In the Spirit section, we will participate in those Christian practices that place us in the middle of the flow of the Holy Spirit.  These practices, such as prayer and meditation, bring us into contact with the Spirit and facilitate our communion with God.  Through prayer and meditation, we experience the truth we read in the Word firsthand.

Every week, in the Spirit section, there will be a prayer focus, a meditation focus, a journaling focus, and a breath prayer.  These practices will correspond to the Word from the previous section.  When the Spirit and the Word work together, they draw us into the Living Word and allow us to commune with and worship the Father.  As you pray during the week, be guided by what you read in the Word and how the Spirit speaks presently to you.  May your prayers be an personal expression of the living Word abiding within you.  Meditate on the Word and allow it to move through your soul, listening as the Spirit whispers words of grace and love into your mind.  May the Living Word renew your mind through communion with and focus on God.  Take time to write reflections in a journal, reminding you how the Word has taken root within you in the past and how the Spirit might move you into a new experience of God in the days to come.  May you give witness to how the presence and activity of Living Word has written your personal story.  And finally, throughout your week, as you find yourself in moments of challenge, need, or reflection, breathe in the truth of the Word and the presence of the Spirit, and breathe out the simple phrase of trusting petition found in the breath prayer.  May the Living Word connect you at all times with the mercy and compassion of God.

These Word and Spirit guides are designed as weekly guides and not daily guides.  They can be used daily, of course.  However, the theme lasts for the whole week.  Too often we use daily devotional guides that change themes daily.  We rush through the Scripture, through the practice, through the theme, and end up consuming our devotional life instead of intentionally practicing communion with God.  The weekly guide gives us the latitude to sit with one passage and theme for a whole week, so that the Word and Spirit might work through our whole selves, like the yeast from the gospel parable of Jesus.  In this way, we are more thoroughly transformed than when we rush into and out of scattered daily devotions.  This also allows us to space out what can be very meaningful spiritual practices.  For instance, Tuesday might be your day for meditation; Wednesday might be your day for reflecting on the image included with the Word; Thursday might be your day for extended prayer centered on the Scripture; and so on.  This also prepares us to come to Sunday morning worship with a deeper yearning for and understanding of the Scripture.  Thus, we learn to abide in God through the Word and Spirit, rather than simply utilizing Scripture and spiritual practices to check off another day of devotion.  However, we are encouraged to continue with daily Scripture reading above and beyond the Word and Spirit Guide, and so a daily schedule of Scripture readings is included in the Word section of each guide.

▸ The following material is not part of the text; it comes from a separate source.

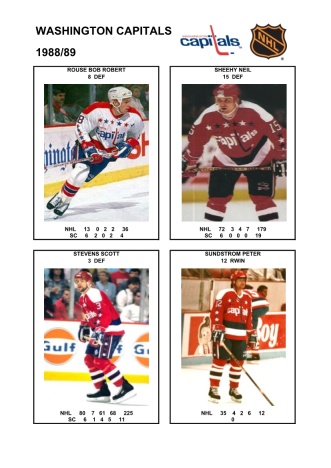 NHL wsh 1988-89 foto hracu8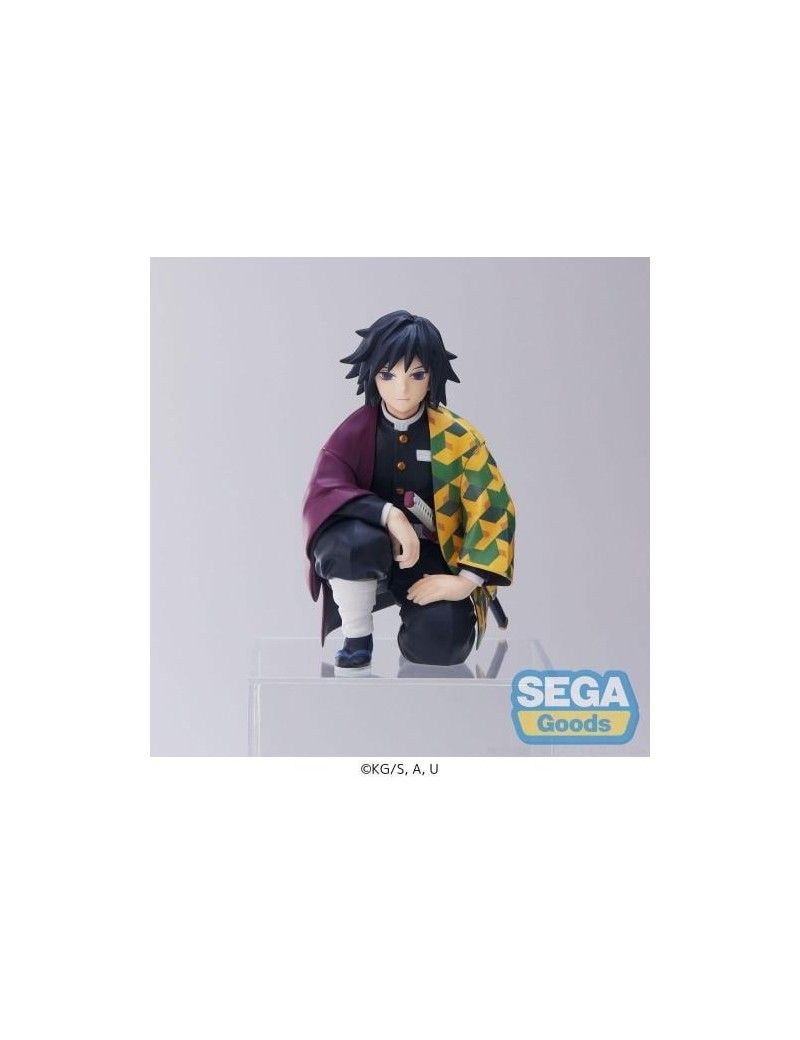 DEMON SLAYER - Hashira Giyu Tomioka - Figurine PM PERCHING 12cm Sega 1 - Culture-Pop-France DEMON SLAYER - Hashira Giyu Tomioka - Figurine PM PERCHING 12cm Sega 1 - Culture-Pop-France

Each new weekly Word and Spirit Guide will be uploaded on Tuesday and will cover Tuesday through the following Monday.  Monday is considered a sabbath day for the purpose of the Word and Spirit Guides, a day to rest from worship preparation after coming together on Sunday morning.  Of course, though, even in our times of sabbath God is willing and desiring to commune with us in grace and joy.  Thus, there will still be a Monday Scripture reading and we are always encouraged to continue praying on Monday.  On Mondays the audio sermon from Sunday will be uploaded and listed as the “Pastoral Response” to the previous week’s Word and Spirit Guide.

Brothers and sisters, this is an invitation to grace through the Word and Spirit.  Pray these prayers, read these Scriptures, meditate on the images and themes, and be willing to place yourself within the stories so that you might encounter the God and Father of our Lord Jesus Christ in deep communion and in the power of the Holy Spirit!